**EXERCISE:**
From the records below, please print only the lines from the one containing "You will see the email" through the one containing "It is normal", both included. Skip the pictures.

**DATASET RECORDS:**

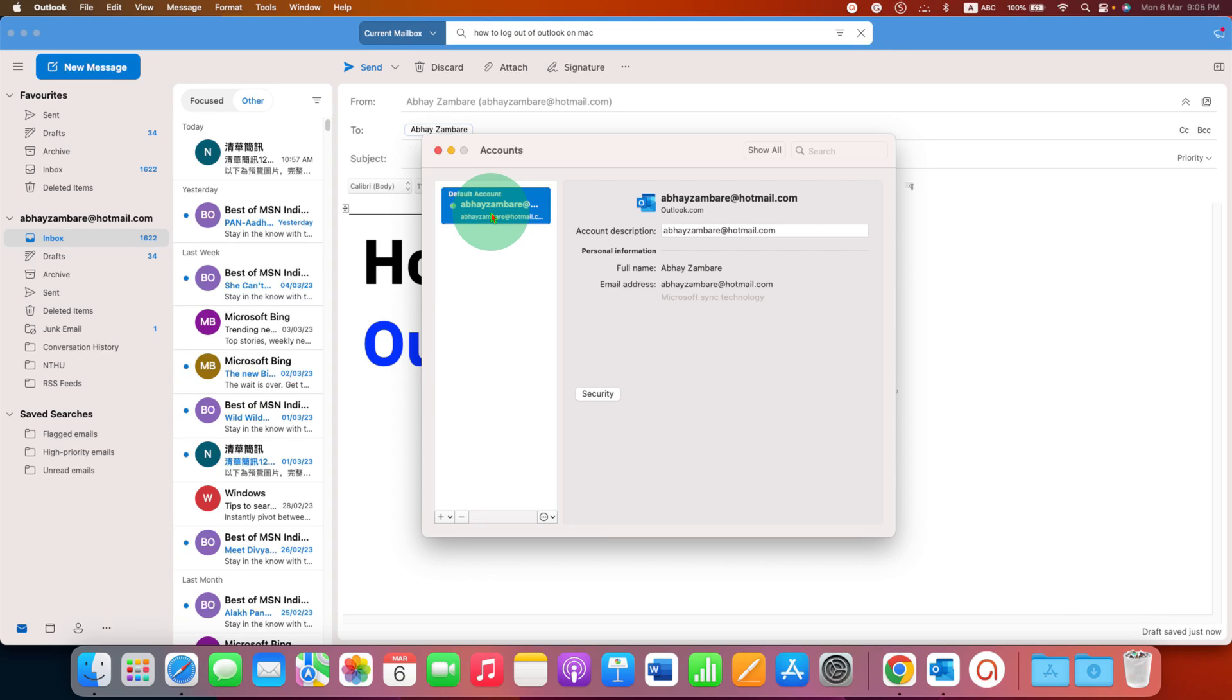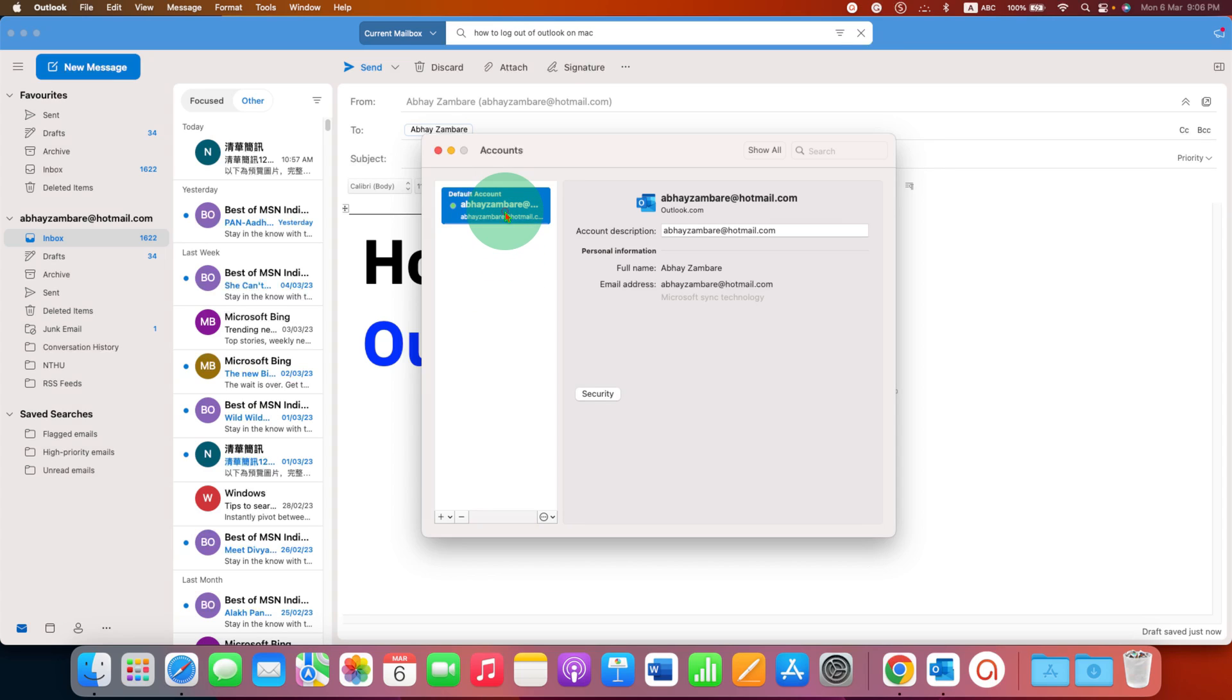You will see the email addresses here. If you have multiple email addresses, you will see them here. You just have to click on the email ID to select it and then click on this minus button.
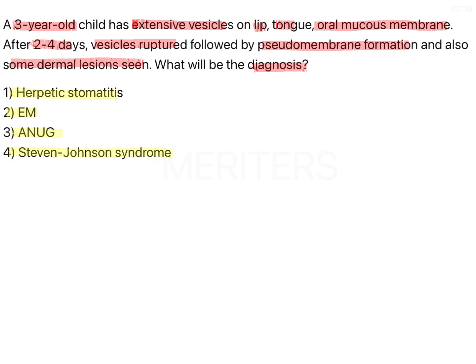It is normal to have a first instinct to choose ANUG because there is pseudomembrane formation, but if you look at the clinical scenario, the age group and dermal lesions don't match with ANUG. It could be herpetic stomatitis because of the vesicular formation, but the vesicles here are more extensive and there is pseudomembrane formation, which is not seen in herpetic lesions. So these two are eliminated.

* * *

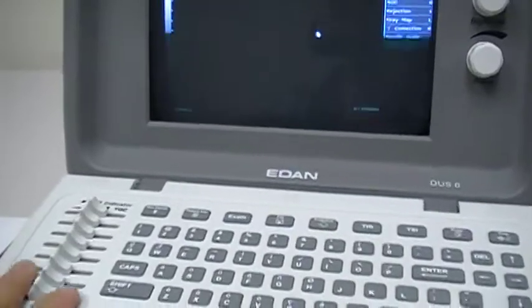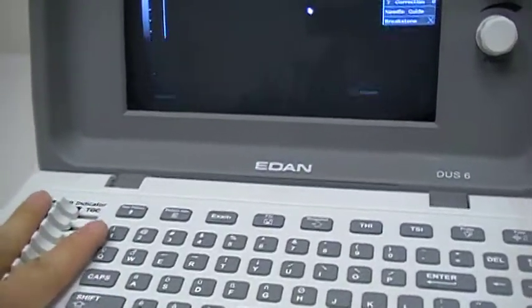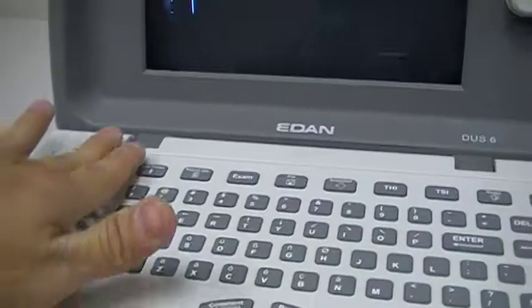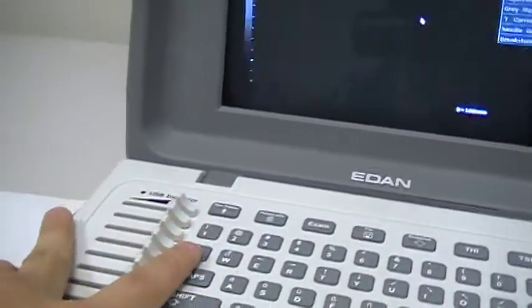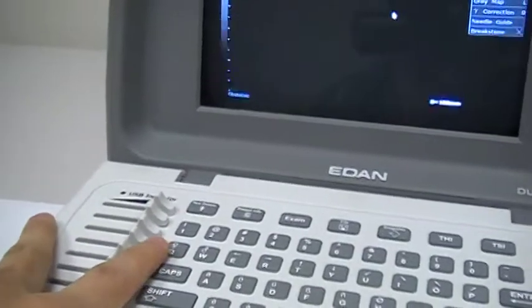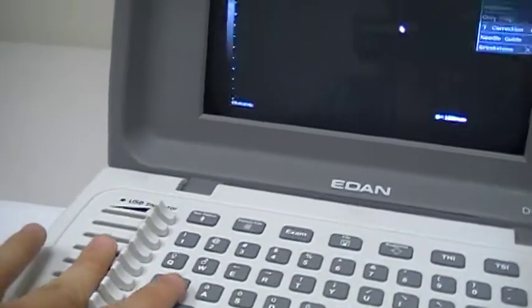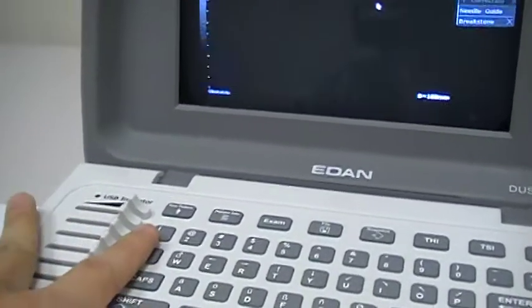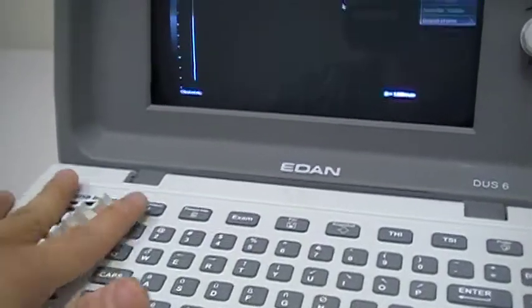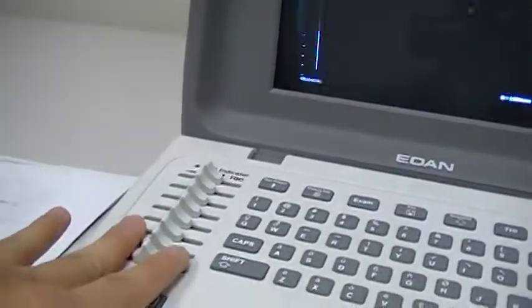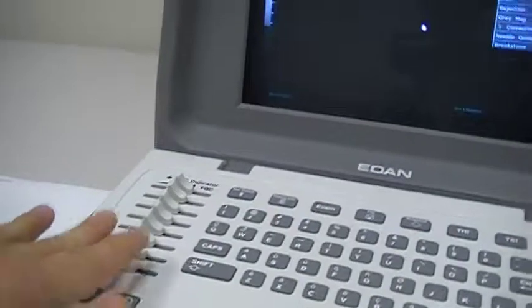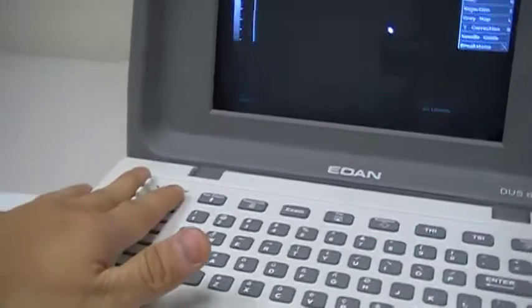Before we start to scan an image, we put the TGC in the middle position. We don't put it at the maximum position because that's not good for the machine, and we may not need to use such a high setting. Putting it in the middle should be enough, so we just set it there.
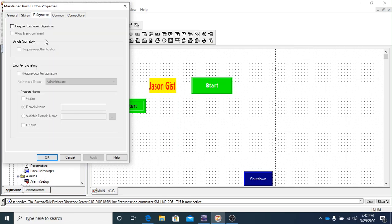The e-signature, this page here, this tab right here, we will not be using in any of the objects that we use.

--

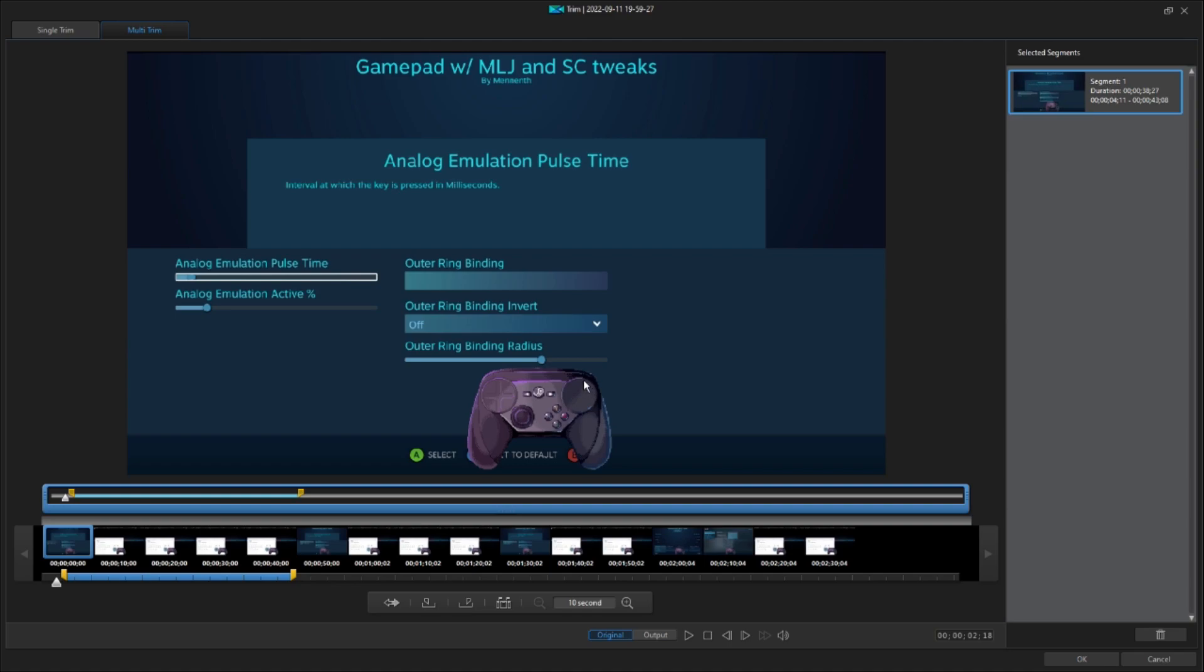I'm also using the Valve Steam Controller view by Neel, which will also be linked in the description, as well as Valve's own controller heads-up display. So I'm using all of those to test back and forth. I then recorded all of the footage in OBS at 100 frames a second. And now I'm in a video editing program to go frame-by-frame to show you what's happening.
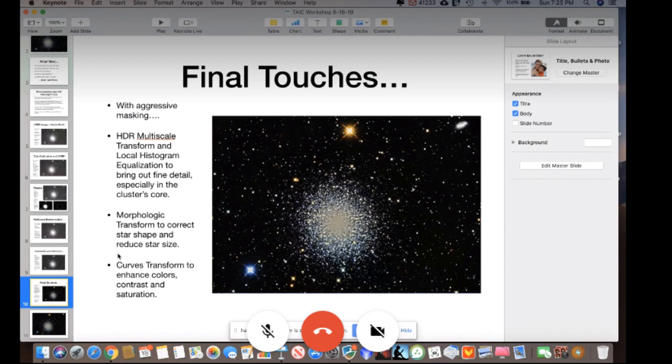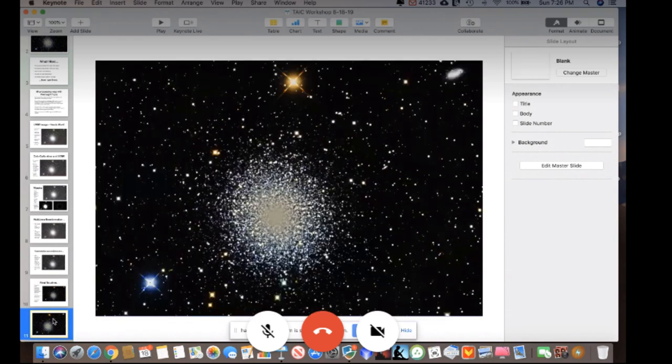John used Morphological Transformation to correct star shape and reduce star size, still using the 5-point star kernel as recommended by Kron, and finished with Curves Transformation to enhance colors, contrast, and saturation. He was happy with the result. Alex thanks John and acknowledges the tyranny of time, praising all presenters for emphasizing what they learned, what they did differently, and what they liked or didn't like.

**SOLVED PROBLEM:**
You will see the email addresses here. If you have multiple email addresses, you will see them here. You just have to click on the email ID to select it and then click on this minus button.
It is normal to have a first instinct to choose ANUG because there is pseudomembrane formation, but if you look at the clinical scenario, the age group and dermal lesions don't match with ANUG. It could be herpetic stomatitis because of the vesicular formation, but the vesicles here are more extensive and there is pseudomembrane formation, which is not seen in herpetic lesions. So these two are eliminated.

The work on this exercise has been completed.